All right. Well, I do want to get into in a bit more about who’s actually having success right now, but maybe you can help us paint a picture of normal times or compared to previous generations, what percentage of the housing market would you expect to be Gen Z and millennials as young adults? Essentially?

Chen:

I think the way that this typically plays out is that people buy their first homes when they’re getting married, they’re starting to have kids. That’s kind of the American ideal and how people picture their lives playing out. So the average age of a first time home buyer is usually in their mid thirties. I think right now it’s about 36 years old. So a lot of times people are getting married in their late twenties or early thirties, so by their mid thirties they, they’ve saved up some money from having been working for a while and they’re ready to get into their first home. So that is kind of typically how things play out, and I think that what we have seen with millennials and we’re starting to see with Gen Z is a lot of the same picture right now. So millennials are these folks who are basically in their late twenties to early forties at this point, and more than half of millennials already own their own homes. Gen Z is just starting to get into that time of their lives. So the oldest Gen Z adults are starting to be in their late twenties right now, so they’re just starting to enter into that first home buying age.

Dave:

Okay, got it. Yeah. I hear a lot about how Gen Z isn’t able to afford homes, and I often think that you have to sort of benchmark that compared to their age right now, a lot of people who are in their early twenties or mid twenties are not typically able to afford to buy a home, especially in this type of market. Now you said that millennials are far behind.
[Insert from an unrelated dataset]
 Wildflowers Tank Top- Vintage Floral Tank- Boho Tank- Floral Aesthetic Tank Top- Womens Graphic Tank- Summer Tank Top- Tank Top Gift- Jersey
Is that still because of what happened in 2008? Because I am a millennial. I graduated college in 2009, and I constantly hear about how millennials sort of got hit with this financial crisis and have never really caught up. Is that why millennials lag behind other generations in home ownership benchmarks?

Chen:

Yeah, yeah. There is no really kind of in some sense a typical story, right? Because if you kind of zoom out and you look at the housing market as a whole over the last few decades, so the first thing you would want to look at is probably mortgage rates. So what has happened to mortgage rates? Mortgage rates got really high in the late 1970s and early 1980s up to 15, 18%. And then over the next 40 years, they basically just sort of declined and all the way up until 2020. And then 2022 is when they started really rising again. Of course there was some small fluctuations in between there, but really by and large, they just kind of declined. And if you look at what happened at home prices, they basically kind of just increased with the exception of the financial crisis. So for millennials, you are exactly right.

What happened was that I’m also a millennial. I think of myself as an elder millennial, I guess I graduated in 2007 and basically walked right into the financial. So a lot of our generation in our earliest career years were dealing with this massive recession. It was a very deep recession and affected a lot of the economy, and it lasted for a really long time. People in our generation had a lot of setback in our early career years, but what was unique about the financial crisis is not just how deep it was, but also how slow the recovery was. So that 10 year time period after the financial crisis from about 2008, 2009 to 20 18, 20 19, right before the pandemic, we never really saw the economy just take off. Instead, what we saw was that it sort of very slowly but surely recovered, and it wasn’t until we got to 20 18, 20 19 that we started saying, Hey, actually it looks like we’re back now, but that means that for this generation in that time when you were supposed to be working, saving up for a down payment and buying your first home, you were not accumulating wealth as quickly as you otherwise would have.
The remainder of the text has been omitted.